Unfortunately, the warranty is long expired. It's on a Troy-Bilt chipper/vac from around '95. I bought it used it one season and then we moved to a house that we didn't need it. So, I didn't use it much. We've now moved again into a house that we definetely need it. 

This morning I sprayed WD-40 into the spark plug hole. Letting it soak now.


----------



## bobotech (Oct 6, 2006)

Try to see if you can bring the piston to the bottom of the combustion chamber. Might help in getting WD-40 soaked over the entire combustion chamber.


----------



## 1kevinm (Nov 25, 2006)

Thanks for the help and advice. It is now running again. It still was feeling tight, too tight for the electric starter, but loose enough that a firm pull on the rope would get it to turn. So, I put the plug back in, choked it, pulled the rope and it fired right up - amazing. I shut it right off, drained the oil, put in new. Started it again with the rope, fired right up again, let it idle for a little while. Shut it off, and then it was loose enough that the starter would work.

I slowly let it warm up and slowly increased the rpms - sounds and runs perfectly.

Thanks,
Kevin


----------



## bobotech (Oct 6, 2006)

Ahhhj, that feeling of "Oh wow, now I don't have to invest lots of money and it WORKS!"  

Good jorb.

Its kind of like the time that i ran my electric 3hp air compressor without oil. The air pump cylinder froze up. I ended up adding oil and then putting some wd40 into the pump chamber. Cranked it over using the big pulley by hand. Evenutally it freed up and works great again.


----------



## bugman (Aug 12, 2004)

yes.... its great you got it going again.... but do remember..... it seized... so keep a watchful eye on it, may run for years, or run for a week.


----------



## 1kevinm (Nov 25, 2006)

I also discovered the culprit for the low oil. There is a quick release type extension tube instead of a drain plug. You turn it about an eighth of a turn to drain the oil - it's required for draining given the way the engine is mounted. After putting the new oil in, I noticed that it was leaking.


----------



## madmanmoose (Aug 26, 2006)

glad to hear its running again just check oil level before every start do to ring seize you might be burnin a bit of oil


----------



## bobotech (Oct 6, 2006)

How does the engine feel when trying to start it? Does it feel as free as it did before the seizure?


----------



## 1kevinm (Nov 25, 2006)

It does feel pretty much the same - maybe a little "tighter" still. It fires right up and sounds perfect while running. No smoking once it burned off all of the cleaner and wd40 that was in the exhaust.
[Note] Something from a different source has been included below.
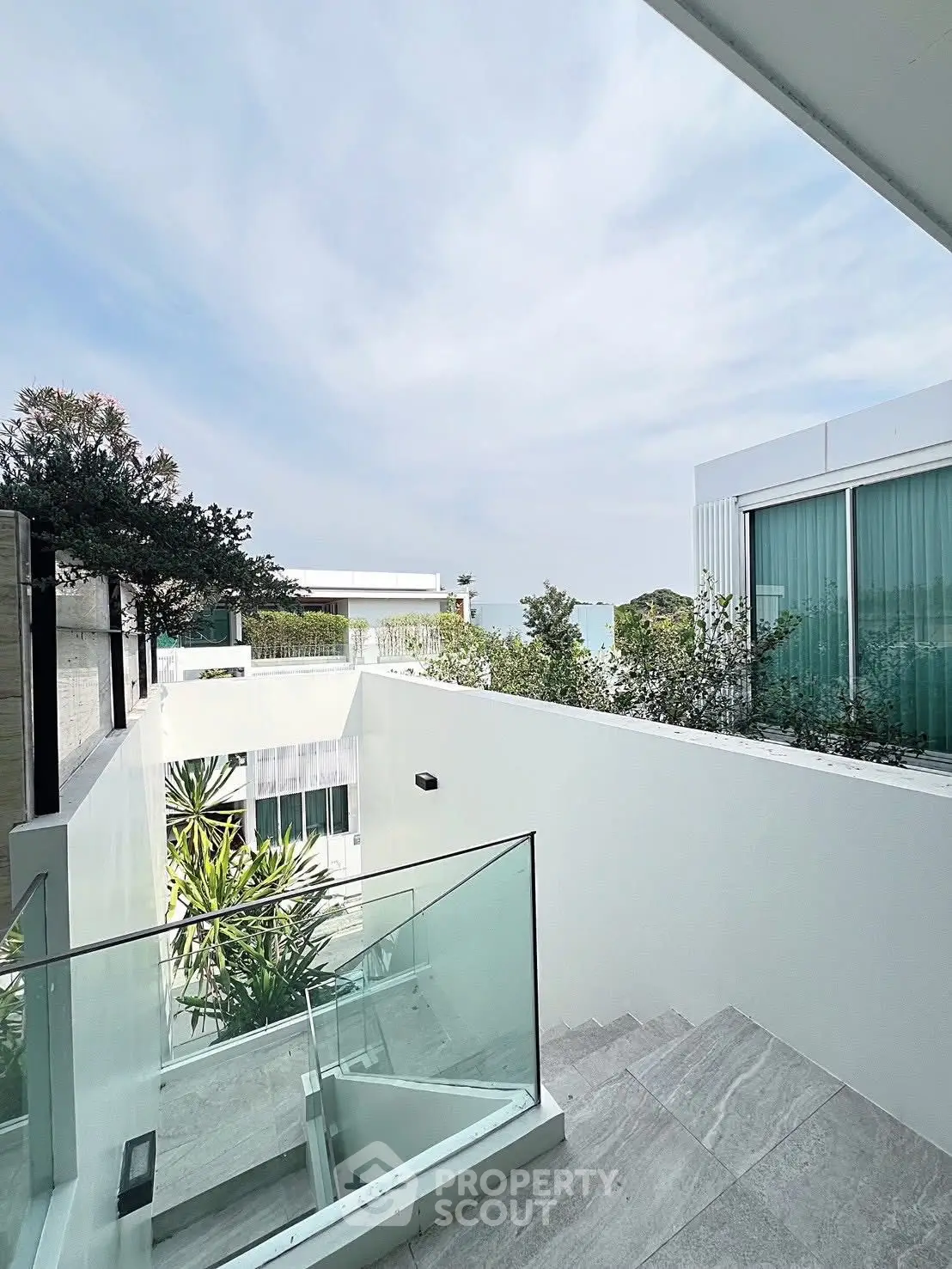 Modern architectural exterior with glass railings and lush greenery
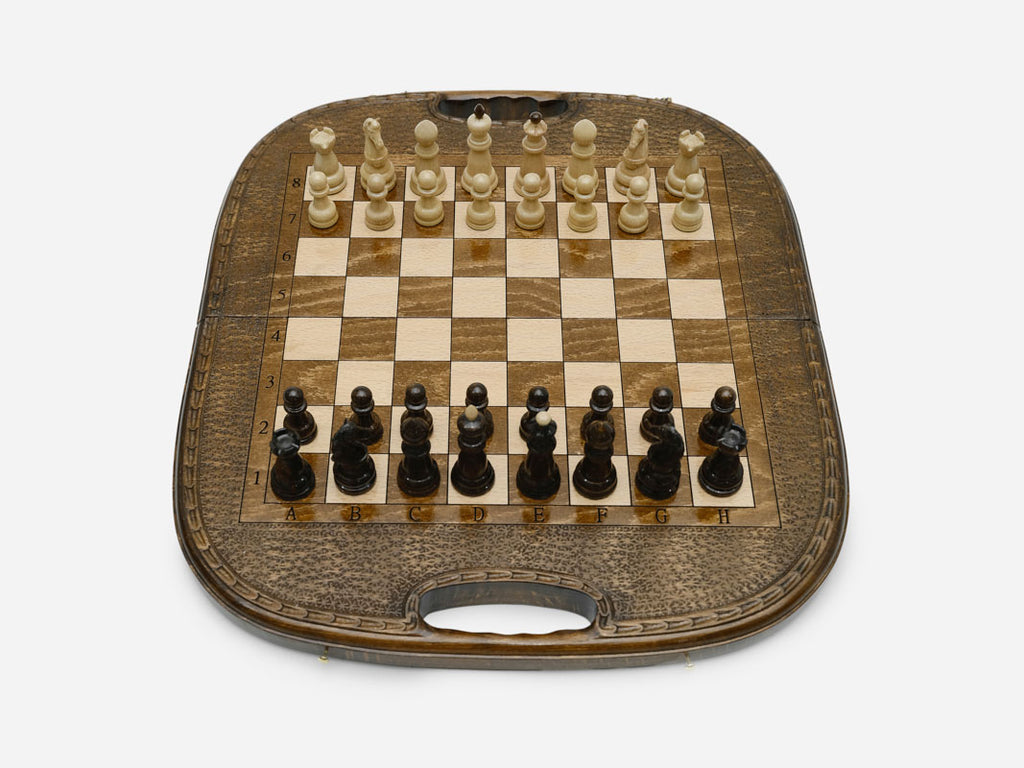 The folding chess-backgammon board standing with its rounded top and carry handle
I think that I'm going to get some oil treatment and then change the oil again after a few hours.

Why do you ask?


----------



## bobotech (Oct 6, 2006)

I was just curious to see if changing the oil and getting it running again made the engine feel loose like it should feel. 

Just kind of wondering if the running of the engine with fresh oil got it all freed up to pretty much back to normal.


----------



## bugman (Aug 12, 2004)

If it doesn't use any oil, just stick with the 30 weights..... (10w-30, straight 30) If it uses some, move up to 15w-40, then if it still uses, 20w-50. Oil treatments just thicken the oil (may add some anti-wear additives, but just mainly thicken the oil up)


----------